I asked him if he ever missed, well, silence. I figured he’d laugh at me, but, to my surprise, he told me he did. “I actually enjoy silence a few minutes a day, when I meditate,” he said. “It feels like the best time of my day. But at this point, I’d say I’m addicted to music.”

Tiago said that he started streaming a lot about four years ago, but that the pandemic totally intensified his habits. “Being alone at home all day just changed my whole life, in a bad way,” he said. Music became much more of a lifeline for him, to help with loneliness and anxiety and to handle the awkwardness of remote school work.

Of the five people I spoke with who spent at least 25 percent of 2021 streaming music, most said they use music therapeutically in some way.
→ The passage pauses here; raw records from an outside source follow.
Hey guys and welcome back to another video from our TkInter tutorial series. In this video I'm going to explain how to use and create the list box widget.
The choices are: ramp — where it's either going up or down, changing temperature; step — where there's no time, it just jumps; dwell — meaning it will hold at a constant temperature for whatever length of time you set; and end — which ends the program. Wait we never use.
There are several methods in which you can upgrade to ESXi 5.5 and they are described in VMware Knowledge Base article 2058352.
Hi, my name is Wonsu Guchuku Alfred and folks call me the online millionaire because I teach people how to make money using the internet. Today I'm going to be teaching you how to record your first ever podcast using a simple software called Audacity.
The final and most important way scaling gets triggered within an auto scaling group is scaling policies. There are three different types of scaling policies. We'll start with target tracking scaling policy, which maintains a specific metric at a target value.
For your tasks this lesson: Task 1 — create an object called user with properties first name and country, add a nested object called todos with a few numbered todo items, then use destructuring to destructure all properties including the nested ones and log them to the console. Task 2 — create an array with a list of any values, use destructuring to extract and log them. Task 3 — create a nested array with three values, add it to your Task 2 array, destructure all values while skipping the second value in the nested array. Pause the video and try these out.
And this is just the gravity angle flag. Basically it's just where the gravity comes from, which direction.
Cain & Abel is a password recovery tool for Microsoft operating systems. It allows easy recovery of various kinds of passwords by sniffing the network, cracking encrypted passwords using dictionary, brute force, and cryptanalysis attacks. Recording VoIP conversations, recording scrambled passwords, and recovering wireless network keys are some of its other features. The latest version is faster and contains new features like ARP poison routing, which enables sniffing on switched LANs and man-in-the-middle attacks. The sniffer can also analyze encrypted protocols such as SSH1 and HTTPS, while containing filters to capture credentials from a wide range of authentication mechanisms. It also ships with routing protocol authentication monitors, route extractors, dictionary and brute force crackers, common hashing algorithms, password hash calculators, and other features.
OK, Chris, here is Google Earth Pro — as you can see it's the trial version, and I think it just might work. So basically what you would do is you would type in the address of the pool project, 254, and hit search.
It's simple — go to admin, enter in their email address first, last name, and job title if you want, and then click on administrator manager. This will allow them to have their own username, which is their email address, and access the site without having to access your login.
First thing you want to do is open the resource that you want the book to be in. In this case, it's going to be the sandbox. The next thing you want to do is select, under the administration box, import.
Max Graham, a music producer and touring DJ who streamed over 200,000 minutes this year, told me over direct message that he uses a Google Home routine: “It starts an Ambient playlist every morning at 6AM at a very low volume that plays all day, unless I change it to something upbeat, like DrumNBass or trip hop, if i’m in the mood. So there’s essentially a bed of music always playing, no matter what.” He told me he’d classify his big streaming numbers as “cheating” but also confessed that “music, and specifically music I’ve never heard before, is key to my day.”

“Definitely, there’s the mental health aspect of it, too,” one listener, who lives in Cleveland, Ohio, and declined to give her name, and streamed nearly 200,000 minutes last year, told me over direct message. “Music is my crutch in a lot of ways. It keeps me steady, so I reach for it without even thinking.” Of all the people I spoke with, this person seemed to have the most carefully crafted approach to streaming. Every month, she creates an intricate playlist, which she'd binge for that month. She told me she also puts playlists on to fall asleep.
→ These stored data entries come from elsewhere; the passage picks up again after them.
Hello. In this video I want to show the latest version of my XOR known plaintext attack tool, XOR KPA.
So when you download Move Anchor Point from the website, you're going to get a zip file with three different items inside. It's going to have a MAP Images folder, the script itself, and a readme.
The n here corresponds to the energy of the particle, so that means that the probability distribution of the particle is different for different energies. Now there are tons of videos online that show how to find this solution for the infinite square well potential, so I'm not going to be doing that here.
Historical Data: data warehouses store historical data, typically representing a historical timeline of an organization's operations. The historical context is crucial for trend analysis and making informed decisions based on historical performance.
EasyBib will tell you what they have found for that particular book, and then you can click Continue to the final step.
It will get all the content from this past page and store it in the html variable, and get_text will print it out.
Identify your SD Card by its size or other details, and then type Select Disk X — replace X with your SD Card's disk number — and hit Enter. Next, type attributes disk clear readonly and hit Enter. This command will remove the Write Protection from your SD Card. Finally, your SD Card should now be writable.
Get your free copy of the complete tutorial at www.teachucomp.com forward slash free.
“Unless I’m actively watching something on my phone, I got it going pretty much 100% of the time,” Zach, who streamed over 300,000 minutes this year, told me over Twitter direct message. “It depends on the time of day, how I listen. If I’m at work, I’m on normal music and podcasts so I don’t go insane, and at home, I got it playing on a speaker as, I guess, ambient music.”

Zach feels his streaming was something he did, at least in part, for his mental health. It is a way to keep his mind busy, or at least have some company. “I think having something in the background, something to actively listen to, helps me go through the day,” he told me.

I started talking to these Super Streamers mostly out of silly curiosity. But quickly, I realized just how important the platform is for its biggest power users. During an incredibly difficult and isolating two years, people have turned to streaming music services (among other things) to fill voids. And while having something to listen to at any moment is a balm—at night, at work, in anxious moments—sometimes, the constant hum of Spotify can also overwhelm. Some Super Streamers are looking to change things up in the new year.

“That’s one of my goals for 2022,” Tiago told me. “A few hours of silence every day, to enjoy the world we live in a little bit more.”